### Data records
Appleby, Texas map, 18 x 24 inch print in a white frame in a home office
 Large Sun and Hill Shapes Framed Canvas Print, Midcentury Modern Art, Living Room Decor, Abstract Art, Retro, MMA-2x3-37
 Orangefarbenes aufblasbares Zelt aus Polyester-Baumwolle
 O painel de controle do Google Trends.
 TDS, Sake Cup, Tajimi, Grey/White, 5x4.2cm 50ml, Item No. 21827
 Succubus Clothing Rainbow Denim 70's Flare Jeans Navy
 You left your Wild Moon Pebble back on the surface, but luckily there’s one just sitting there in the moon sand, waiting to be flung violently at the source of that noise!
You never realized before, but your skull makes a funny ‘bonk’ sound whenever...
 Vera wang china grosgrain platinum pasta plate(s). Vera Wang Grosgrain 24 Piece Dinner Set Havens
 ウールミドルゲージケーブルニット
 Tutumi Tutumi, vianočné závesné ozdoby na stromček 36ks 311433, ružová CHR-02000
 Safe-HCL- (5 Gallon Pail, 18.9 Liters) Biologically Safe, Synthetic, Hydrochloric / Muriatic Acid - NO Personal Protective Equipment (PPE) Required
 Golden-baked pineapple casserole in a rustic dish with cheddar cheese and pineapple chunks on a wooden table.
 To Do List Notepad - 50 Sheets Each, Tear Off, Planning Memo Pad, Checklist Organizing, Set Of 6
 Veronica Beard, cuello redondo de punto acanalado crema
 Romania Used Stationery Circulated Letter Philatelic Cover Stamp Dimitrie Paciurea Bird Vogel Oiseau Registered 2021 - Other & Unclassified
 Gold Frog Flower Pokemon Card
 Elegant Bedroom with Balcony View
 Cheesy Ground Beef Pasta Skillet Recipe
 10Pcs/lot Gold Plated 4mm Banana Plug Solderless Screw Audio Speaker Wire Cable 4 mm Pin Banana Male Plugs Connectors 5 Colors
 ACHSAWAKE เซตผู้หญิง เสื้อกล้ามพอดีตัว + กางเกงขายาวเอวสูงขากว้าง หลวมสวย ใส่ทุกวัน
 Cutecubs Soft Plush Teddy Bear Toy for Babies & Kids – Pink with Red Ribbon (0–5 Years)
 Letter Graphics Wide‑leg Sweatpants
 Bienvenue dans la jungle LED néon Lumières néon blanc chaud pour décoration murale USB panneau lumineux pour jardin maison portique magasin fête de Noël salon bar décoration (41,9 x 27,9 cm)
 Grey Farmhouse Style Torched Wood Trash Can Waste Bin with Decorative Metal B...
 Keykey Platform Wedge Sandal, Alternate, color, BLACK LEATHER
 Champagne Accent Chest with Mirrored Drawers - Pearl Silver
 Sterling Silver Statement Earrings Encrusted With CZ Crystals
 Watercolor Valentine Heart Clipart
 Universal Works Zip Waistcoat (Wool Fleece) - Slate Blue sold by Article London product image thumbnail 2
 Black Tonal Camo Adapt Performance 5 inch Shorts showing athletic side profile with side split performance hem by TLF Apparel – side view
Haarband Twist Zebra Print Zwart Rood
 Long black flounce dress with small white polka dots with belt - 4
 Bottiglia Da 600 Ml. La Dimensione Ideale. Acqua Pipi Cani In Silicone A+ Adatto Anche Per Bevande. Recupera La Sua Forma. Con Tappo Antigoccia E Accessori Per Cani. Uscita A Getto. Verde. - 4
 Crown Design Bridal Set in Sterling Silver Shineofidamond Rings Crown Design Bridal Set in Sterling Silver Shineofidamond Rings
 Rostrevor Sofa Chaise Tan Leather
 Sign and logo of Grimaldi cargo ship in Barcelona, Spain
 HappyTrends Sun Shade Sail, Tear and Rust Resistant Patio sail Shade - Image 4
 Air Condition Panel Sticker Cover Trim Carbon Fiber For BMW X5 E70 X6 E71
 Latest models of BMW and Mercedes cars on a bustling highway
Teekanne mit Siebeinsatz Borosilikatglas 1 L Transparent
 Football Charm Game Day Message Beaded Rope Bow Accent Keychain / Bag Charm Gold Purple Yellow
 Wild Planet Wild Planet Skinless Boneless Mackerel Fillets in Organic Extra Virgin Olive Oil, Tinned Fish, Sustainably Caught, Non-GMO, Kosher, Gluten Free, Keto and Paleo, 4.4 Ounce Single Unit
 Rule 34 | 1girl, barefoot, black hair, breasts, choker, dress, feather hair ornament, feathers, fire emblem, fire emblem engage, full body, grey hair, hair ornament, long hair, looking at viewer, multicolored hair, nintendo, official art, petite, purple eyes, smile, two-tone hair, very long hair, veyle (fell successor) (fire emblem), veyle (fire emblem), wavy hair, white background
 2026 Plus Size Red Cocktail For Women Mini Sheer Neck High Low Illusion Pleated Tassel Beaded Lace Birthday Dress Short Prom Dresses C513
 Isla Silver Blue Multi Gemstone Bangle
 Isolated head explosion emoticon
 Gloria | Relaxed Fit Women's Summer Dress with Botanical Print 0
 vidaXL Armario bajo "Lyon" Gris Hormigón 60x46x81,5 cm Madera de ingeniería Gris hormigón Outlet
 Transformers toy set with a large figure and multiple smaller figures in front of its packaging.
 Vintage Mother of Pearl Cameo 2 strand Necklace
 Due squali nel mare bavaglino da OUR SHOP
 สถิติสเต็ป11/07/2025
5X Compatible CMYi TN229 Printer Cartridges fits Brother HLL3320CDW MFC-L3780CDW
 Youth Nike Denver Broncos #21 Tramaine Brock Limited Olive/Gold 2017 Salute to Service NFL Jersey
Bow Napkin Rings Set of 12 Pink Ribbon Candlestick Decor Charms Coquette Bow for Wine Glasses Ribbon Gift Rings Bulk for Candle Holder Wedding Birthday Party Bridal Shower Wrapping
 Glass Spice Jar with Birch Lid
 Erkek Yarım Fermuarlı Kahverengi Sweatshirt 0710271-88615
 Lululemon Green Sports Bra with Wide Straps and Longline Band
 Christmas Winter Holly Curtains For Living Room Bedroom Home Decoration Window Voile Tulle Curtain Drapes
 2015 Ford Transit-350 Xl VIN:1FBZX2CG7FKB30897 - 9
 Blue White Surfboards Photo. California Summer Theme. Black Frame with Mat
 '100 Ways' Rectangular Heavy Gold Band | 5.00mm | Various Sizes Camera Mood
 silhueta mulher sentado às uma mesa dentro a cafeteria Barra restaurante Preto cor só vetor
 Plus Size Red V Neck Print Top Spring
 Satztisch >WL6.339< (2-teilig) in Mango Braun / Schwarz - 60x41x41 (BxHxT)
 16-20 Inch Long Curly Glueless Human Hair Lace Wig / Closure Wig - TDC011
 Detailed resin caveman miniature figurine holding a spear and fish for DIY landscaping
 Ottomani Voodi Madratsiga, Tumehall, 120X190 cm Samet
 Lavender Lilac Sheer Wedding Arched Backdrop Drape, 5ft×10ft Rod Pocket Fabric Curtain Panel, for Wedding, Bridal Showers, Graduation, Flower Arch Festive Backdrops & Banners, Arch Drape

### Task statement
Would you quote everything above from the line containing "Bienvenue dans la" down to the line containing "Haarband Twist Zebra Print Zwart Rood"? Include both of those lines and nothing else.

### Completed task
 Bienvenue dans la jungle LED néon Lumières néon blanc chaud pour décoration murale USB panneau lumineux pour jardin maison portique magasin fête de Noël salon bar décoration (41,9 x 27,9 cm)
 Grey Farmhouse Style Torched Wood Trash Can Waste Bin with Decorative Metal B...
 Keykey Platform Wedge Sandal, Alternate, color, BLACK LEATHER
 Champagne Accent Chest with Mirrored Drawers - Pearl Silver
 Sterling Silver Statement Earrings Encrusted With CZ Crystals
 Watercolor Valentine Heart Clipart
 Universal Works Zip Waistcoat (Wool Fleece) - Slate Blue sold by Article London product image thumbnail 2
 Black Tonal Camo Adapt Performance 5 inch Shorts showing athletic side profile with side split performance hem by TLF Apparel – side view
Haarband Twist Zebra Print Zwart Rood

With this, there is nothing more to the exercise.